Nachverdichtung im Bestand: Reconstructing-Projekt der Neuen Heimat Oberösterreich in Ried im Innkreis
Fotos: Hertha Hurnaus, NHOÖ. Visualisierung: visual design. Grafik: StudioVlayStreeruwitz

In dieselbe Kerbe schlägt auch Robert Oberleitner, Geschäftsführer der Neuen Heimat Oberösterreich und Landesgruppenobmann des gbv Oberösterreich: Ein Fokus auf Bestand, Sanierung und Nachverdichtung bei gleichzeitigen Neubauinitiativen schließen sich nicht aus. „Beide Positionen haben ihre Berechtigung. Entscheidend ist ein ausgewogener und nachhaltiger Ansatz. Modernisierung und Revitalisierung der Wohnanlagen sparen erhebliche Mengen CO2, verbessern den Wohnstandard und können die Betriebskosten für die Mieter senken. Gleichzeitig bleibt ein gewisses Neubauvolumen unerlässlich, um dem steigenden Bedarf an leistbarem Wohnraum gerecht zu werden und wirtschaftliche Impulse zu setzen. Dabei sollte der Fokus auf nachhaltigem, ressourcenschonendem Bauen liegen. So kann man dem ökologischen als auch dem ökonomischen Aspekt gerecht werden.“

Rezept für Nutzungsmischung: das „Seestädter“ in der Seestadt Aspern

Dass man diesen Fokus auf dem Bestand auch in der Praxis umsetzt, zeigen zahlreiche Projekte der Neue Heimat Oberösterreich. Ein Beispiel von vielen: das Reconstructing-Bauvorhaben in Ried im Innkreis, bei dem derzeit aus 44 Bestandswohnungen 83 neue Wohnungen entstehen. „Reconstructing- Projekte bieten nicht nur neuen Mieter:innen einen hochwertigen Wohnraum, sondern verbessern auch die Wohnqualität der bestehenden Bewohner:innen“, betont Oberleitner. Ein Beispiel für die Nachverdichtung bestehender Quartiere ist das Bauvorhaben der NHOÖ im Linzer Stadtteil Neue Heimat, eine weitere Variante zur nachhaltigen Flächennutzung stellt die Aufstockung bestehender Gebäude dar.

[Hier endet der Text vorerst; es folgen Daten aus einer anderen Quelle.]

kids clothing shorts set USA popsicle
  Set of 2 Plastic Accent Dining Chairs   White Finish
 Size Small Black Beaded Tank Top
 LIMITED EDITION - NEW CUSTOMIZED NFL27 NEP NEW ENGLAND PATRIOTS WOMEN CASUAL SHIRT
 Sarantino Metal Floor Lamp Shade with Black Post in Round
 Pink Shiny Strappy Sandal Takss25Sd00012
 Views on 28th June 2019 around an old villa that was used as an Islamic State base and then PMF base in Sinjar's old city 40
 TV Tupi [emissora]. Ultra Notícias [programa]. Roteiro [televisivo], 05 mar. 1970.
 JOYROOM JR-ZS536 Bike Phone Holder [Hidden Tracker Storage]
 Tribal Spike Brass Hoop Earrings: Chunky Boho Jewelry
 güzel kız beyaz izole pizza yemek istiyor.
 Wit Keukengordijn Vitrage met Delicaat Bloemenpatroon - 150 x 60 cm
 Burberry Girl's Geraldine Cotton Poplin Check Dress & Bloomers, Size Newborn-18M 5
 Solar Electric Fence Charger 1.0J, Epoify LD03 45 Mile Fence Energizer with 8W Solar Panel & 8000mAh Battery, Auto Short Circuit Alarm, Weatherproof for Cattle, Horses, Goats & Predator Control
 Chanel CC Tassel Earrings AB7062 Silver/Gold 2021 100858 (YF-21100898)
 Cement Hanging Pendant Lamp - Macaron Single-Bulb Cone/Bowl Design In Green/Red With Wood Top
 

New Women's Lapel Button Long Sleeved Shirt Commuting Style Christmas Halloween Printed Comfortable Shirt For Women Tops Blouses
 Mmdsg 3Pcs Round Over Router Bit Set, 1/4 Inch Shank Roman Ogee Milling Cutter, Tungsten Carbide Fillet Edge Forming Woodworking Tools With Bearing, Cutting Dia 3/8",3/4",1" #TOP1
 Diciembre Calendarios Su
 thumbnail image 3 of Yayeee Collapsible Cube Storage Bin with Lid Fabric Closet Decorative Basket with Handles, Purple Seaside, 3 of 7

„Derzeit befinden sich diese Projekte noch in der Planungs- und Entwicklungsphase“, erklärt Oberleitner. „Dabei wird geprüft, welche Gebäude für eine Aufstockung geeignet sind, während gleichzeitig die Bewohner:innen für die Vorteile dieser Maßnahme sensibilisiert werden.“ Denn ohne das Einbinden der Bewohner:innen wird sich die Balance zwischen Flächensparen beim Boden und Flächenwachstum im Wohnraum nicht halten lassen.